After the intermission, “Wonderful Town” unfolded in a semi-staged format that proved well suited to Bernstein’s this jazzy homage to New York and the adventures of two sisters from a small town in search of life, love and adventure. Having Norwegian-speaking Jørgen Backer as moderator bridged the spoken passages with a light touch, providing narrative continuity without impeding momentum. Around him, the chorus moved with a studied casualness, drifting in and out of the action, singing, dancing, and interacting in a manner that suggested the bohemian life of Greenwich Village rather than a choreographed mass.

(Photo: Erik Berg)
Illuminating Cast
The sisters at the centre of the work were vividly drawn. Sparkling voiced soprano Eli Kristin Hanssveen as Eileen and melodious mezzo-soprano Tora Augestad as Ruth captured the essential duality of the piece: naïveté edged with dawning self-awareness. Their opening number, with its gently ironic nostalgia for Ohio, was delivered with charm tinged by uncertainty — a recognition, perhaps, that the myth of glamorous New York was already beginning to fray.
Among the supporting roles, baritone Aleksander Nohr made an endearing Wreck, projecting both physical bravado and a touching lack of intellectual sophistication, while tenor Rory Green offered a Robert Baker of lyrical sincerity, his timbre lending warmth to a character often played for diffidence alone.
Keast’s reading of “Wonderful Town” emphasized its stylistic plurality. Already in the overture, he drew out the “Ohio” motif as a kind of gravitational center, a reminder of the provincial origins that haunt the sisters’ metropolitan adventures. Elsewhere, he relished the score’s kaleidoscope of idioms: jazz-inflected rhythms snapping into focus, Latin undercurrents surfacing in ensemble numbers, and Broadway lyricism unfolding with unforced grace.
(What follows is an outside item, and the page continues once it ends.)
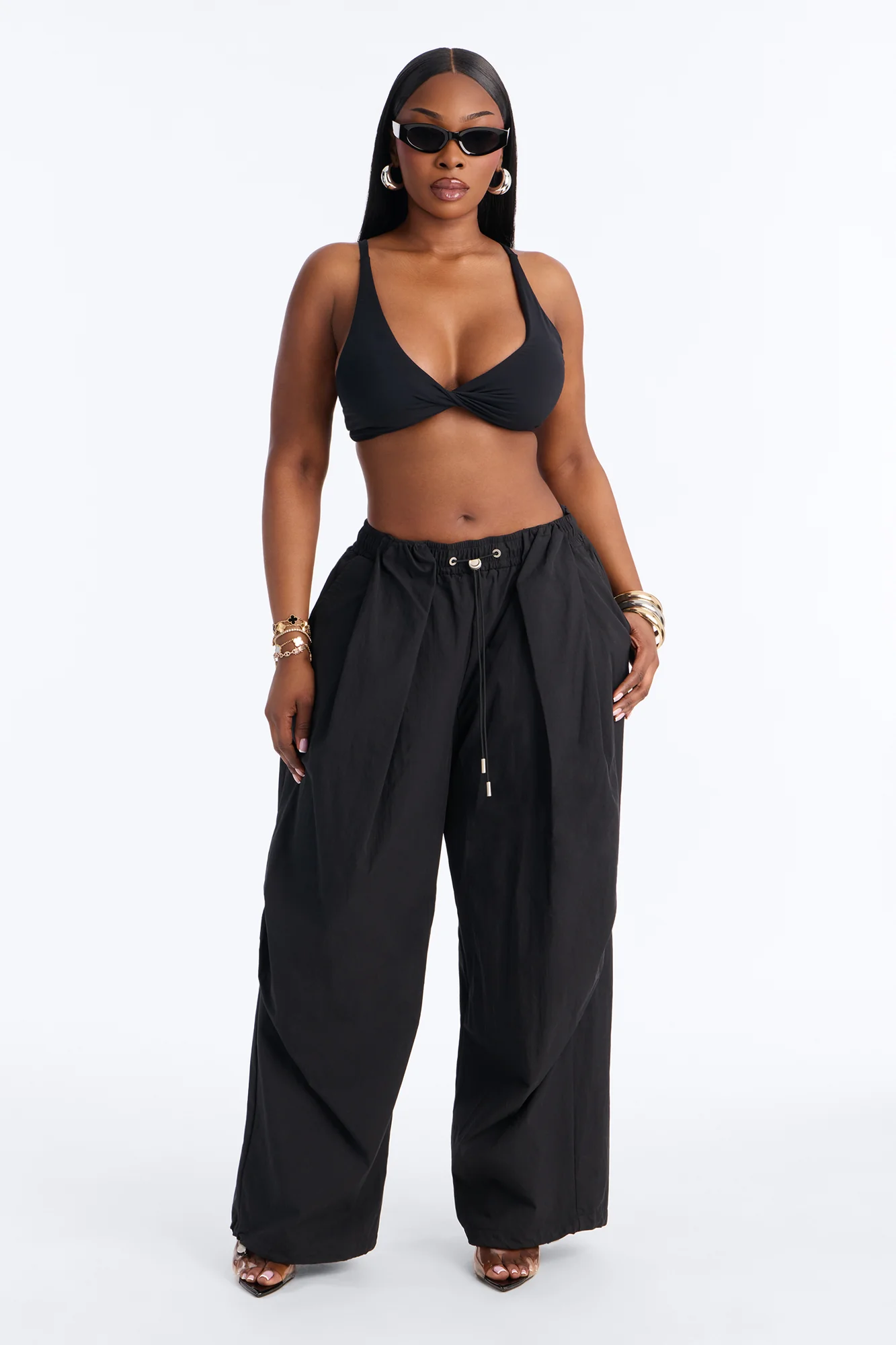 Second Skin Deep V Neck Bra Top - Black - Image 6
The culmination came, appropriately, in excess. The encore of “Conga!” erupted into a collective act of abandon. Soloists, chorus, and even conductor joined in the choreography, dissolving the formal barriers of concert presentation. This energy jumped the stage and the entire audience stood, clapped and danced along.
Talk About a Hot House!
The setting itself contributed to the experience. The Oslo Opera House, its exterior famously resembling a marble iceberg rising from the fjord, encloses a warm, wood-paneled auditorium whose acoustics favor both clarity and bloom. It is a space that rewards dynamic extremes, and Keast exploited this to full effect, allowing climaxes to blaze without ever obscuring detail.
In retrospect, what distinguished the evening was not merely its high voltage but its refusal to domesticate Bernstein. Rather than smoothing over the stylistic fractures — the oscillation between jazz and symphonic writing, between irony and sincerity — Keast and the team allowed them to remain audible, even productive. The result was a portrait of Bernstein not as a reconciled figure, but as a composer perpetually in motion, negotiating the fault lines of American musical identity.